Blondie has done it again. For those living under a rock, Taylor Swift’s latest studio album, “Midnights,” was released last week. In this album, Swift strays away from the folk sound from her previous original albums “Folklore” and “Evermore,” both released in 2020.
However, Swift stays true to her strong songwriting abilities, with lyrics that discuss self-loathing and seemingly deeper reflections of Swift’s relationships, past and struggles with self-identity.
I think this album is probably one of her more personal ones. I know that a common tired Swift talking point is that her songs are all about relationships, and while this is not necessarily incorrect, I think “Midnights” is more about identity and self- image.
I also think this album does a great job of ordering where tonally similar songs are grouped together. Something I’ve noticed with previous Swift albums is that some of the songs aren’t grouped together in the best way, or some songs that sound like closers are in the middle of the album (i.e. the messy ordering of the last few tracks of “Reputation” and “Evermore”). I think it’s this detail that makes “Midnights” a great album.
I’ve also seen a great deal of comparing this album to her previous albums “1989” and “Reputation,” however I think it’s fair to not say these albums are the lovechild of any of her albums. Rather, I think this album stands alone, much like how “Folklore” is more of a concept album about a relationship.
I’m also cautiously optimistic about the visual album idea. Swift’s music videos are always hit or miss, with the “Anti-Hero” music video already being kind of mediocre. I’m also not sure how she plans on confronting some of the ideas in her songs visually.

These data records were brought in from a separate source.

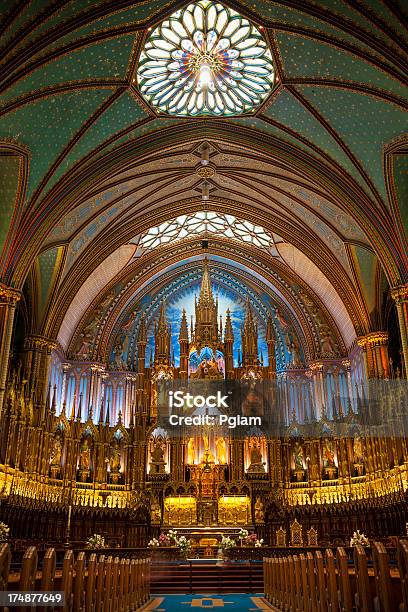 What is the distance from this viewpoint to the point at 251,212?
26.5m

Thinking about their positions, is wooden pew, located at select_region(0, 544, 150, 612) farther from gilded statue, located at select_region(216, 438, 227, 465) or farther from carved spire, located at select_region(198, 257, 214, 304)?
carved spire, located at select_region(198, 257, 214, 304)

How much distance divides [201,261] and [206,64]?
13213 mm

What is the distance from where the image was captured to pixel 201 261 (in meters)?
31.3

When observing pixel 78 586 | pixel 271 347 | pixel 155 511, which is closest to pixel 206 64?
pixel 271 347

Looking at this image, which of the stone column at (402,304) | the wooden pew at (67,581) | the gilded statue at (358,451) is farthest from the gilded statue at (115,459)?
the wooden pew at (67,581)

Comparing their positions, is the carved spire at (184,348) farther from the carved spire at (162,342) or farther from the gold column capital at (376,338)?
the gold column capital at (376,338)

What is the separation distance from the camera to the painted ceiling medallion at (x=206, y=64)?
1778cm

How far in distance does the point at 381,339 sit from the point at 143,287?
12883 mm

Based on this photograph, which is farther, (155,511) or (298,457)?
(298,457)

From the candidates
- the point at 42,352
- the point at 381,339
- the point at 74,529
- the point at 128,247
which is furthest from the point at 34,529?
the point at 381,339

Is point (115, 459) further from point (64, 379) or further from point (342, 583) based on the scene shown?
point (342, 583)

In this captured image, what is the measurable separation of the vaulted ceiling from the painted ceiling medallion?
551mm

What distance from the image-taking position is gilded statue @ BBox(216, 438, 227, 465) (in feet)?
85.7

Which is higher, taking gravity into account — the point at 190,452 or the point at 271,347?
the point at 271,347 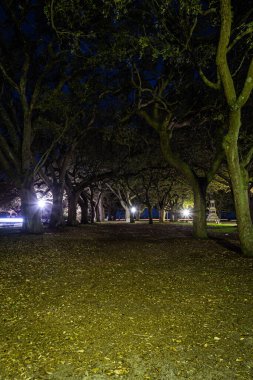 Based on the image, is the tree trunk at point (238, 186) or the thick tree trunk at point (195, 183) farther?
the thick tree trunk at point (195, 183)

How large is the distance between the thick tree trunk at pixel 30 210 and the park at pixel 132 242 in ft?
0.20

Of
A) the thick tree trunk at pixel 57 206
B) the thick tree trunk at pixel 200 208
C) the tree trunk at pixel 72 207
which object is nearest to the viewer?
the thick tree trunk at pixel 200 208

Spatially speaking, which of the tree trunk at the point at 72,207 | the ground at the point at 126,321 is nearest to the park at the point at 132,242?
the ground at the point at 126,321

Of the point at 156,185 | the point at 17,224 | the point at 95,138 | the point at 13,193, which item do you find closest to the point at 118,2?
the point at 95,138

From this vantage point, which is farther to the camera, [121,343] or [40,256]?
[40,256]

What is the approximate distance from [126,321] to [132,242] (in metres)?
11.0

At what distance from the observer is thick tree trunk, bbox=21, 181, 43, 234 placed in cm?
1916

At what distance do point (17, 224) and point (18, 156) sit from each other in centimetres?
1451

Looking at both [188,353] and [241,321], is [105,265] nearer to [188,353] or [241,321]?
[241,321]

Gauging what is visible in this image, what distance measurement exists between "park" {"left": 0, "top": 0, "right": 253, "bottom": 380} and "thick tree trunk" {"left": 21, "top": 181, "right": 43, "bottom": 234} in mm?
61

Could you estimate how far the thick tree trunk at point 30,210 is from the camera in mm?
19156

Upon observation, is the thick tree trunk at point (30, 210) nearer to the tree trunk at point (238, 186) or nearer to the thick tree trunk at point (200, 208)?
the thick tree trunk at point (200, 208)

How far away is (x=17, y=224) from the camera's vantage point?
106 ft

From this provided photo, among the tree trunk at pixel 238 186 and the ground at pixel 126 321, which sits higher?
the tree trunk at pixel 238 186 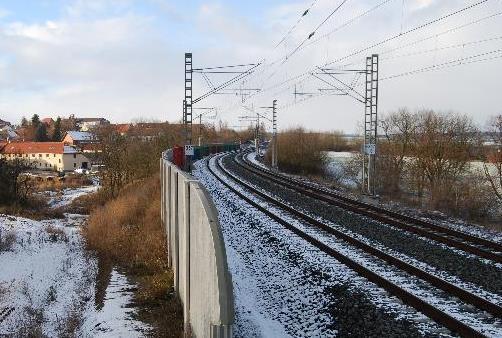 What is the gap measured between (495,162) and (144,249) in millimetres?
30237

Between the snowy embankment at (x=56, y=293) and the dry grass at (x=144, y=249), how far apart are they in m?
0.39

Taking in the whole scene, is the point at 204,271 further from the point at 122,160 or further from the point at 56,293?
the point at 122,160

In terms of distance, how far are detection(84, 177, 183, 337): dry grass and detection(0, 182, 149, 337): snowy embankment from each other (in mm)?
394

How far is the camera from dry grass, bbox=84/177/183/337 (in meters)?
9.93

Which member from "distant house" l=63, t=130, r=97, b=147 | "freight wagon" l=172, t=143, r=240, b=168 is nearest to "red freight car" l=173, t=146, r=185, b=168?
"freight wagon" l=172, t=143, r=240, b=168

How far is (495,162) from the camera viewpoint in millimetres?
37250

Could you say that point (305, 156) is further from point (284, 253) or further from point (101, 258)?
point (284, 253)

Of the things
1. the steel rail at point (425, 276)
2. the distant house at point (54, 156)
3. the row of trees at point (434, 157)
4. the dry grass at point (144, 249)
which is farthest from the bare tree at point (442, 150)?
the distant house at point (54, 156)

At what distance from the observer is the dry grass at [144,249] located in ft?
Answer: 32.6

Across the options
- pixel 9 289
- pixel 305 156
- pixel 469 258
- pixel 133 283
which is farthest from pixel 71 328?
pixel 305 156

My personal favorite song on the album is “Question…?” The song left me with just that, questions. It’s a beautiful song that poses questions to seemingly an ex-lover, and it includes my favorite Swift trope — vaguely queer-coded lyrics. Overall, I think the album is great. I’m glad she stuck to her lyrical genius and softer sound. “Midnights,” while not perfect, offers a more mature, self- reflective and self-loathing that is more relatable to her more mature and older audience.